Bush praises Supreme Court voucher ruling
'That's just historic'
CLEVELAND, Ohio (CNN) -- President Bush praised the United States Supreme Court's decision upholding Cleveland's controversial school voucher program during a visit to the city Monday.
Opponents say vouchers, which give parents tuition subsidies to attend parochial or private schools, erode already-troubled public school systems. But backers say they offer more educational choice.
"What's notable and important," Bush said of the 5-4 decision, "is that the court declared that our nation will not accept one education system for those who can afford to send their children to a school of their choice and for those who can't, and that's just as historic."
The president also referred to the accounting scandals involving WorldCom and Enron during his speech, emphasizing that the troubled corporations are in the minority.
"The vast majority -- by far -- of corporate America are aboveboard and doing their job just the way you'd expect them to do, that they treat their investors, their shareholders and employees the way you'd want them to," he said. "And that's important for America to know.
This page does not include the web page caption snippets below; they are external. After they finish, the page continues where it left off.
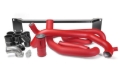 Picture of PERRIN 08-14 Subaru WRX Front Mount Intercooler Boost Tube Kit - Red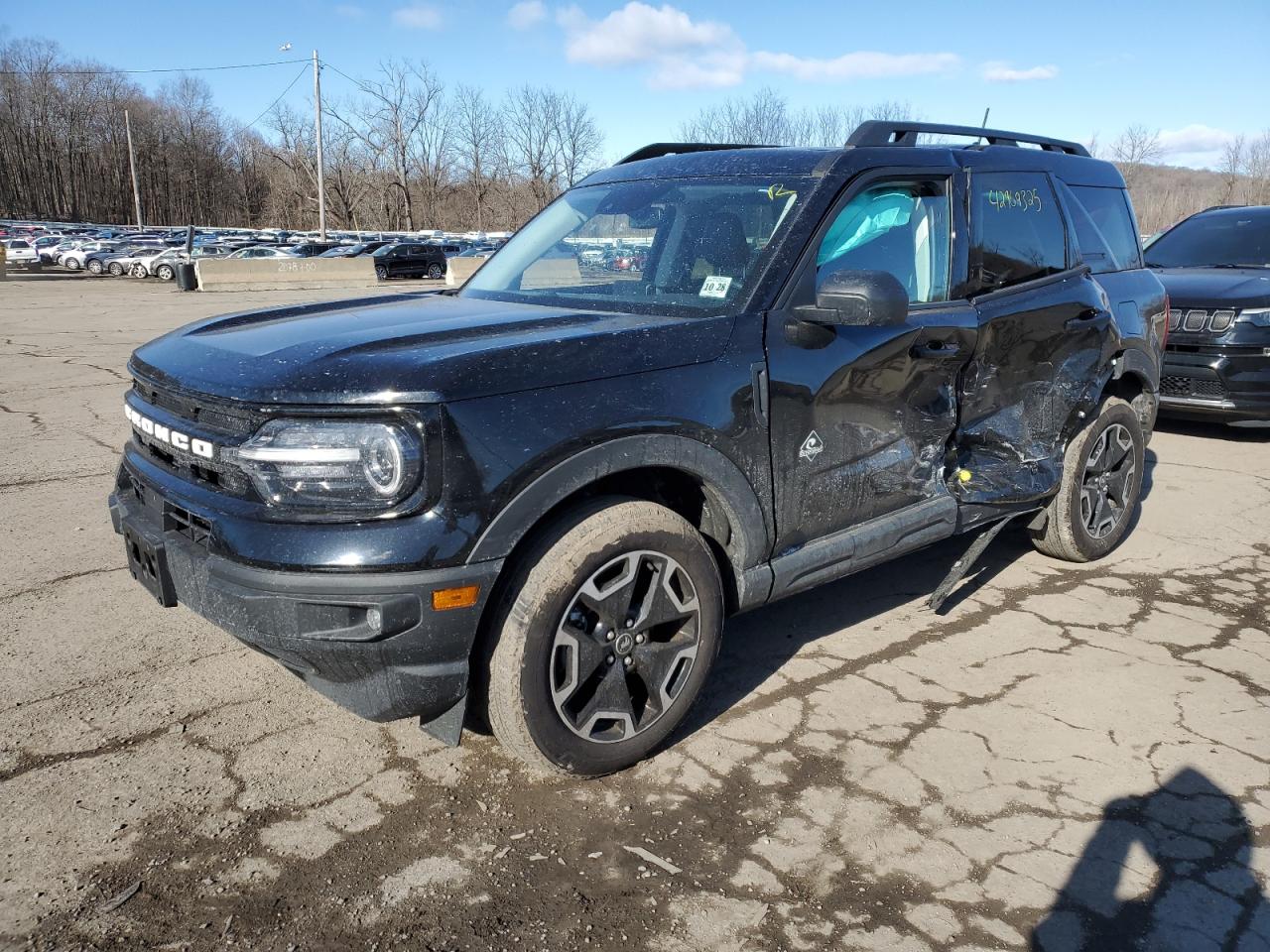 2023 Ford Bronco VIN 3FMCR9C62PRD50016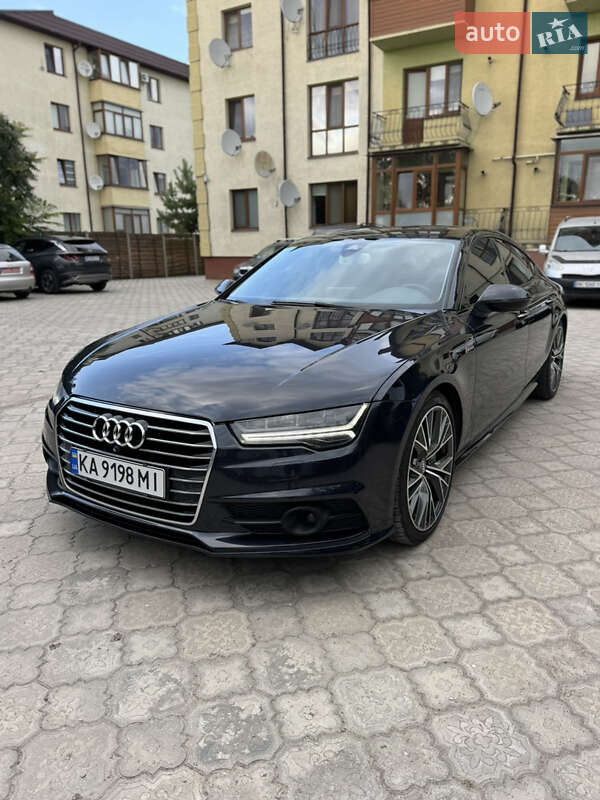 Лифтбек Audi A7 Sportback 2016 в 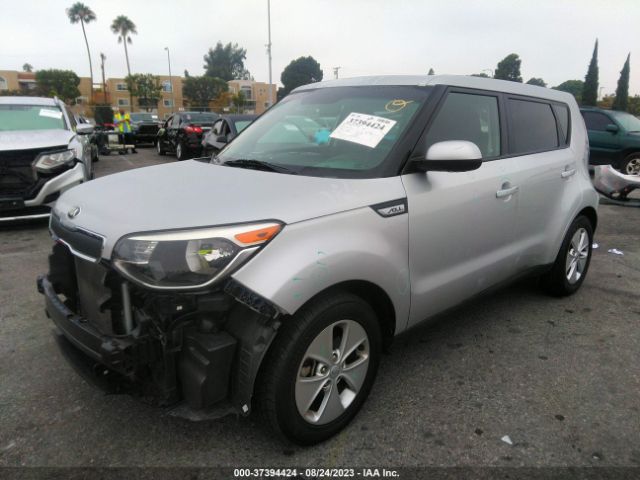 KNDJN2A24F7803282 KIA Soul Base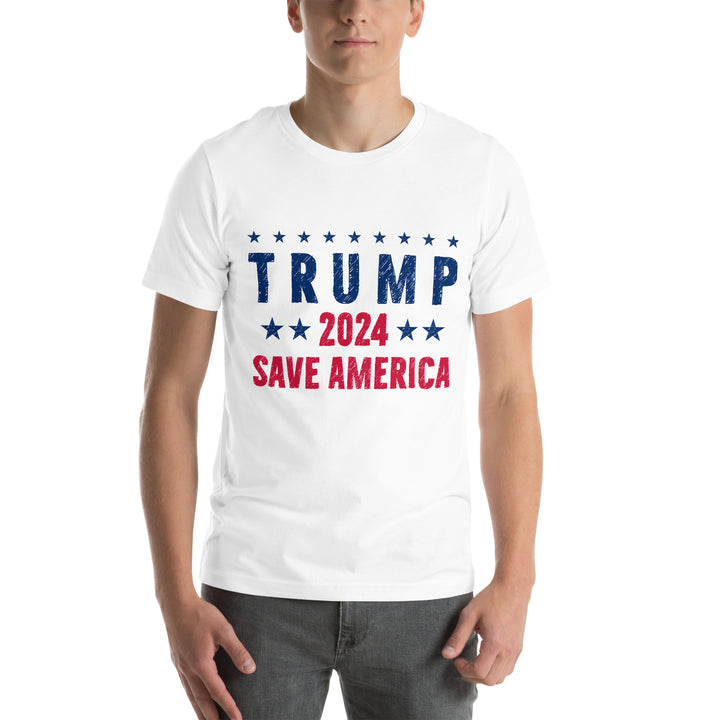 Save America 2024 Trump Unisex T-shirt - ArtyKoala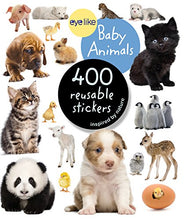 Load image into Gallery viewer, Eyelike Stickers: Baby Animals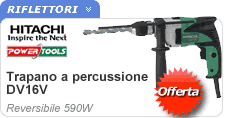 Trapano a percussione Hitachi DV16V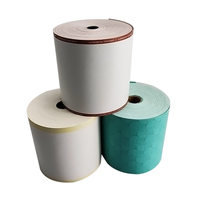 Rouleaux de papier thermique personnalisés à sensibilité constante, simple couche, sans bourrages, pour les kiosques de libre-service à fort volume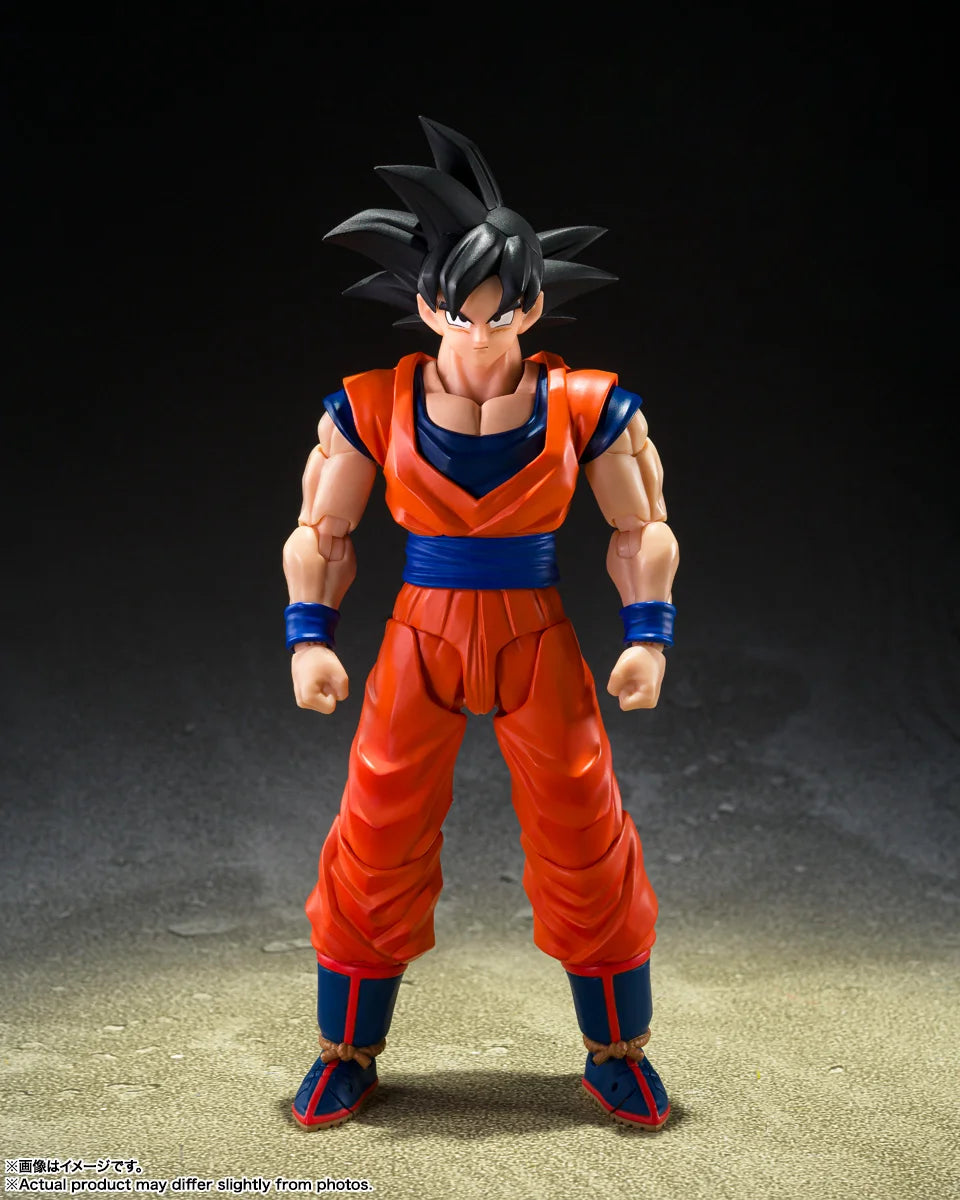 SON GOKU KIND HEARTED SAIYAN DRAGON BALL S.H.FIGUARTS BANDAI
It's also important to know we're going after those who aren't and hold them accountable."
Bush said businesses' books better add up, saying he expects "responsibility at all levels in our society" or he will "fully enforce the law when people cheat on the balance sheets of corporate America."
Bush also pushed for more home-ownership, especially for minorities.
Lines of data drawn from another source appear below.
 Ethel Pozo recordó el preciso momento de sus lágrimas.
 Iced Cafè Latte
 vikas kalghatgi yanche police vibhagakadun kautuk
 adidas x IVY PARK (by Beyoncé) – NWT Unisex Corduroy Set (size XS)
"We must use our resources to close that ownership gap by encouraging minority ownership of homes in America," he said, calling for simplifying contracts and an outreach program for first-time buyers.
Bush said it's in the interest of home builders and real estate agents to encourage such a program, Bush said, urging lenders to make capital available and calling for tax credits.
" We needs billions of more dollars available for those who want to realize the dream," Bush said.
Bush promoted so-called faith-based initiatives -- government programs operated by religious institutions.
"We should enable them to access federal money, because faith-based programs can change people's lives and America will be better off for it," said Bush.